An incisive study showing how cultural ideas of merit in academic science produce unfair and unequal outcomes.
In Misconceiving Merit , sociologists Mary Blair-Loy and Erin A. Cech uncover the cultural foundations of a paradox. On one hand, academic science, engineering, and math revere meritocracy, a system that recognizes and rewards those with the greatest talent and dedication. At the same time, women and some racial and sexual minorities remain underrepresented and often feel unwelcome and devalued in STEM. How can academic science, which so highly values meritocracy and objectivity, produce these unequal outcomes?
Blair-Loy and Cech studied more than five hundred STEM professors at a top research university to reveal how unequal and unfair outcomes can emerge alongside commitments to objectivity and excellence. The authors find that academic STEM harbors dominant cultural beliefs that not only perpetuate the mistreatment of scientists from underrepresented groups but hinder innovation. Underrepresented groups are often seen as less fully embodying merit compared to equally productive white and Asian heterosexual men, and the negative consequences of this misjudgment persist regardless of professors’ actual academic productivity. Misconceiving Merit is filled with insights for higher education administrators working toward greater equity as well as for scientists and engineers striving to change entrenched patterns of inequality in STEM.
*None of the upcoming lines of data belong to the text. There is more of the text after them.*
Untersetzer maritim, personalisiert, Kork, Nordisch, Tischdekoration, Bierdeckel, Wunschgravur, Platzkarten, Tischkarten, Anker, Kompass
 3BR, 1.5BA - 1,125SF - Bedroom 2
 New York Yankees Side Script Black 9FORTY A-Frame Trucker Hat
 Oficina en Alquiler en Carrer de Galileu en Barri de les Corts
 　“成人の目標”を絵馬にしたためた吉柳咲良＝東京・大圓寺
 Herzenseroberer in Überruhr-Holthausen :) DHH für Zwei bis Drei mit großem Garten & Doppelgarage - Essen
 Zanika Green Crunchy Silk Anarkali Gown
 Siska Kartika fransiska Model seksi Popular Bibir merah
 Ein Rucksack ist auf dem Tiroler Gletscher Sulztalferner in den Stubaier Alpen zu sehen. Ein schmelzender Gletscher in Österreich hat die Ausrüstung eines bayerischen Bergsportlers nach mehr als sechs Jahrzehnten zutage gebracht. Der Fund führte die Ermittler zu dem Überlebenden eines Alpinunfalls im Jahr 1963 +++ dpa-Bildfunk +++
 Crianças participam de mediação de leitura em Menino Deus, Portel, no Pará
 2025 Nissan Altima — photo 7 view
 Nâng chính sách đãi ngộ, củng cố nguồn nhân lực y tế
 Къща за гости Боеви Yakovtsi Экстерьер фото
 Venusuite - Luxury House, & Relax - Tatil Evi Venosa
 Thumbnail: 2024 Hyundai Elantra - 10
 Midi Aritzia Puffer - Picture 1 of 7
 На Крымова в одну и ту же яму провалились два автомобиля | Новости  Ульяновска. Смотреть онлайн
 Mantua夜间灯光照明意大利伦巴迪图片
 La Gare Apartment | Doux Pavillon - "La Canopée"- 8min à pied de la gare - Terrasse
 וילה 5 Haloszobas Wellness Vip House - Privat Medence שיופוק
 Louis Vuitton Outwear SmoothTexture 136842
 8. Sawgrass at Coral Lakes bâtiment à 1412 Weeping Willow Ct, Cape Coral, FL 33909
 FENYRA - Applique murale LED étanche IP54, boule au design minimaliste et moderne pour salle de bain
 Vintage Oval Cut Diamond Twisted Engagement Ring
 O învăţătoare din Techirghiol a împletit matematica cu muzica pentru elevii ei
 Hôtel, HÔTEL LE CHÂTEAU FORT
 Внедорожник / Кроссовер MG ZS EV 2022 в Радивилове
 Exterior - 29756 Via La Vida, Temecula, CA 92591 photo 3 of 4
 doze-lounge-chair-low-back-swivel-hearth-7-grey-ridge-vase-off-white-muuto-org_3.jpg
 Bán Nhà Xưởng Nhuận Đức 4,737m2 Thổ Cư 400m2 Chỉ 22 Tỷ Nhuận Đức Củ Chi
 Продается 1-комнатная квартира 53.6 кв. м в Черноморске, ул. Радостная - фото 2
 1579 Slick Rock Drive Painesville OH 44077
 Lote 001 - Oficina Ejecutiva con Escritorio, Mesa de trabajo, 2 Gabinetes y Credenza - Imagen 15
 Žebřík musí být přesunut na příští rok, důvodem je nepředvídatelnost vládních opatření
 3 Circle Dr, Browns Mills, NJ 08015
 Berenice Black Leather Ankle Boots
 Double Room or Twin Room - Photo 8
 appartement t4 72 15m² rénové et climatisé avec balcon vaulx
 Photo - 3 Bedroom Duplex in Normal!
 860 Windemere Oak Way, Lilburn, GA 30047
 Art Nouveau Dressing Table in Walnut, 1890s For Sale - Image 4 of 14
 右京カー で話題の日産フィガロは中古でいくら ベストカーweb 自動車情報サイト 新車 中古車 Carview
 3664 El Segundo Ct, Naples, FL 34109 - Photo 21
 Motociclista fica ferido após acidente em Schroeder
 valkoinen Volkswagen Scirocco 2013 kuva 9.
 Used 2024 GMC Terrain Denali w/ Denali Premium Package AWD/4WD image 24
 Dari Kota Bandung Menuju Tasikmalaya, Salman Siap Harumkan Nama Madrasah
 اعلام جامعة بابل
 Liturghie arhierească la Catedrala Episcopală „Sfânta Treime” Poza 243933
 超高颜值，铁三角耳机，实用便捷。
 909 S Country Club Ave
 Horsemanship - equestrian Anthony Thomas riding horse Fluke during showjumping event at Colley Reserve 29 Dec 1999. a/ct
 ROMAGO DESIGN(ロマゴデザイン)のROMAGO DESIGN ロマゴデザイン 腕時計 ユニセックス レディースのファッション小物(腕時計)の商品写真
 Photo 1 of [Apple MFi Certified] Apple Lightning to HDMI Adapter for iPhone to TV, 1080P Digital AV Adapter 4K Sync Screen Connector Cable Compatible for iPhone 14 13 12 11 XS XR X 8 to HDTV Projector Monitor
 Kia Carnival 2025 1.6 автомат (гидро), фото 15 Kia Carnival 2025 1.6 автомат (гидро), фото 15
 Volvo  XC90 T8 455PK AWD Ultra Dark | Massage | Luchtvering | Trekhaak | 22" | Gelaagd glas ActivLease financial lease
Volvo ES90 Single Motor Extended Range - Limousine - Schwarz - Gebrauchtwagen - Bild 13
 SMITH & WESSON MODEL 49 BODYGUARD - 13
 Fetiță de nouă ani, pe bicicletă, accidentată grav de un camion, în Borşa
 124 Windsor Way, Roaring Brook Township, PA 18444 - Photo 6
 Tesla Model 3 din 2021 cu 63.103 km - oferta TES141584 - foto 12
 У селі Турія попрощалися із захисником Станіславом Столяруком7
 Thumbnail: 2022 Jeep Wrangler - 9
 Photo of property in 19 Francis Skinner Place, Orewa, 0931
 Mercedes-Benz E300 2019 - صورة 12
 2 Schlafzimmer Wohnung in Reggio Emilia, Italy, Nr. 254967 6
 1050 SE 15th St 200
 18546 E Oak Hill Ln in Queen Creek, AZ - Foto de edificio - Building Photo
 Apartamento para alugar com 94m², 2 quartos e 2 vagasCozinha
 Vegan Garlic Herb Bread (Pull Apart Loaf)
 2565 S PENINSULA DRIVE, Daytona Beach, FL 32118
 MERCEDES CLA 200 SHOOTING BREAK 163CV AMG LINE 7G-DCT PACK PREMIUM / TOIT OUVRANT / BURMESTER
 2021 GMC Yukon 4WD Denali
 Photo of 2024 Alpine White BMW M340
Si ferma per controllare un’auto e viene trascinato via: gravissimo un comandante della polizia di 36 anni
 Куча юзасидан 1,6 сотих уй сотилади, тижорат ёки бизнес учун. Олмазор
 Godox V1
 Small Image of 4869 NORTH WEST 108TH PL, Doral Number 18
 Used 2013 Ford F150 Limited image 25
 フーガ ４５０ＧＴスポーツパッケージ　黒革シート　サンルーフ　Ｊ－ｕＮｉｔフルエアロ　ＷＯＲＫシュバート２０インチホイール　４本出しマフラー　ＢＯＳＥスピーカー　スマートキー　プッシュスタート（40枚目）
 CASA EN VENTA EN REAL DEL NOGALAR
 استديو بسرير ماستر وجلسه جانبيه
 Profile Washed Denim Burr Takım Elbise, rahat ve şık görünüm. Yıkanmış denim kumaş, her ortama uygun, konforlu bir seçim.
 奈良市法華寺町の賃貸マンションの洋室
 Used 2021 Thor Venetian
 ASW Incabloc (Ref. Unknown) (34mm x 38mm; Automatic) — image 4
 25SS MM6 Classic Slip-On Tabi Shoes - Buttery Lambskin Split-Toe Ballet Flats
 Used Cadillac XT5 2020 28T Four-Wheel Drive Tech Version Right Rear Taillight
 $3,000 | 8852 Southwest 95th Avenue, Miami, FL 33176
A fascinating and important book that presents original research and careful interpretation of the culture of STEM in the USA. The authors discuss two schemas - work devotion and scientific excellence - and explain how these are interconnected and influential on the work culture in academia. Furthermore they show how both are cultural constructs and so dispel the misconception that somehow STEM pursuits are not influenced by the culture of the people in them. Ending with some cogent enumeration of how the current situation harms scientists and science and what could be done about it this book is set to broaden your perception of STEM.
Takes a look at and analyzes the cultural beliefs of STEM fields that support the use objective measures of excellence, using a large amount of data from a leading US research university. With this understanding the authors dissect the ways that objective measures of excellence don't result in objective excellence in science.
Really clearly written, full of useful insight - thoroughly recommended.
This book is soooo fascinating to me. It is a study which detailed how scientists in STEM perceive merit within their fields and departments and how terribly inaccurate and harmful their assumptions about merit within science are. It’s pretty dense but provides a lot of great (and sometimes shocking) quotes from scientists at an undisclosed academic institution about what they think makes a valuable scientist and meaningful impact on the department. One of the best takeaways I got from this book is the stigma that women mothers that are science faculty members publish less often and are less devoted to their work could not be farther from the truth. In fact, women who are mothers are often just as if not more devoted to their professions than women without children or men, and they publish just as much if not more than the opposing demographic. Also this study included a much needed discussion and dissection about the lack of diversity of racial and ethnic background and sexual orientation and sexuality within STEM.